I'm trying to operate on a df with the following data:
+---+----------------------------------------------------+
|ka |readingsWFreq |
+---+----------------------------------------------------+
|列 |[[[列,つ],220], [[列,れっ],353], [[列,れつ],47074]] |
|制 |[[[制,せい],235579]] |
And the following structure:
root
|-- ka: string (nullable = true)
|-- readingsWFreq: array (nullable = true)
| |-- element: struct (containsNull = true)
| | |-- furigana: struct (nullable = true)
| | | |-- _1: string (nullable = true)
| | | |-- _2: string (nullable = true)
| | |-- Occ: long (nullable = true)
My goal is to split readingsWFreq's values into three different columns. For that purpose I've tried to use udfs as follows:
val uExtractK = udf((kWFreq:Seq[((String, String), Long)]) => kWFreq.map(_._1._1))
val uExtractR = udf((kWFreq:Seq[((String, String), Long)]) => kWFreq.map(_._1._2))
val uExtractN = udf((kWFreq:Seq[((String, String), Long)]) => kWFreq.map(_._2)
val df2 = df.withColumn("K", uExtractK('readingsWFreq))

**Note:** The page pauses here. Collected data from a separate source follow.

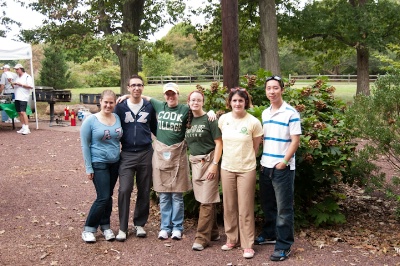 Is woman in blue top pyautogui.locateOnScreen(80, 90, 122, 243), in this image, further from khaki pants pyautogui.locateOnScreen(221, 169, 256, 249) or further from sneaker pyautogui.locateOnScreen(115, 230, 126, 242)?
khaki pants pyautogui.locateOnScreen(221, 169, 256, 249)

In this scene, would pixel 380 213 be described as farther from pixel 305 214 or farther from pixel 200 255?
pixel 200 255

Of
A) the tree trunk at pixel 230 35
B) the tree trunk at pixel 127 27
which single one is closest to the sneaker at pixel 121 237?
the tree trunk at pixel 230 35

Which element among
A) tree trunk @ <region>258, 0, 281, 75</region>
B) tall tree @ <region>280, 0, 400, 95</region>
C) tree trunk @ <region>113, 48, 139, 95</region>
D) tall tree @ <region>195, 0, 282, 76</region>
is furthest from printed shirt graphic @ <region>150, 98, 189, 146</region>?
tall tree @ <region>280, 0, 400, 95</region>

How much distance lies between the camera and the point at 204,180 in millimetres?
4969

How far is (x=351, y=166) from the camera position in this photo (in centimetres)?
580

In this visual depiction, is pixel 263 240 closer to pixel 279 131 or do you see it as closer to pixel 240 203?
pixel 240 203

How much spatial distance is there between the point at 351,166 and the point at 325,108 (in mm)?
986

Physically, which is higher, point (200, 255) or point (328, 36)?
point (328, 36)

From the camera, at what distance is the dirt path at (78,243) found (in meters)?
4.76

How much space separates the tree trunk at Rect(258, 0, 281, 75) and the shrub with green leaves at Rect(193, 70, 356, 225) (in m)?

.withColumn("R", uExtractR('readingsWFreq))
.withColumn("N", uExtractN('readingsWFreq))
.drop('readingsWFreq)
However, I'm getting an exception related to the input parameter of the udfs:
[error] (run-main-0) org.apache.spark.sql.AnalysisException: cannot resolve
'UDF(readingsWFreq)' due to data type mismatch: argument 1 requires
array<struct<_1:struct<_1:string,_2:string>,_2:bigint>> type, however,
'`readingsWFreq`' is of
array<struct<furigana:struct<_1:string,_2:string>,Occ:bigint>> type.;;
My question is, how can I manipulate the dataframe so that it results in the following?
+---+----------------------------------------------------+
|ka |K |R |N |
+---+----------------------------------------------------+
|列 |[列, 列, 列] | [つ, れっ, れつ] | [220, 353, 47074] |
|制 |[制] | [せい] | [235579] |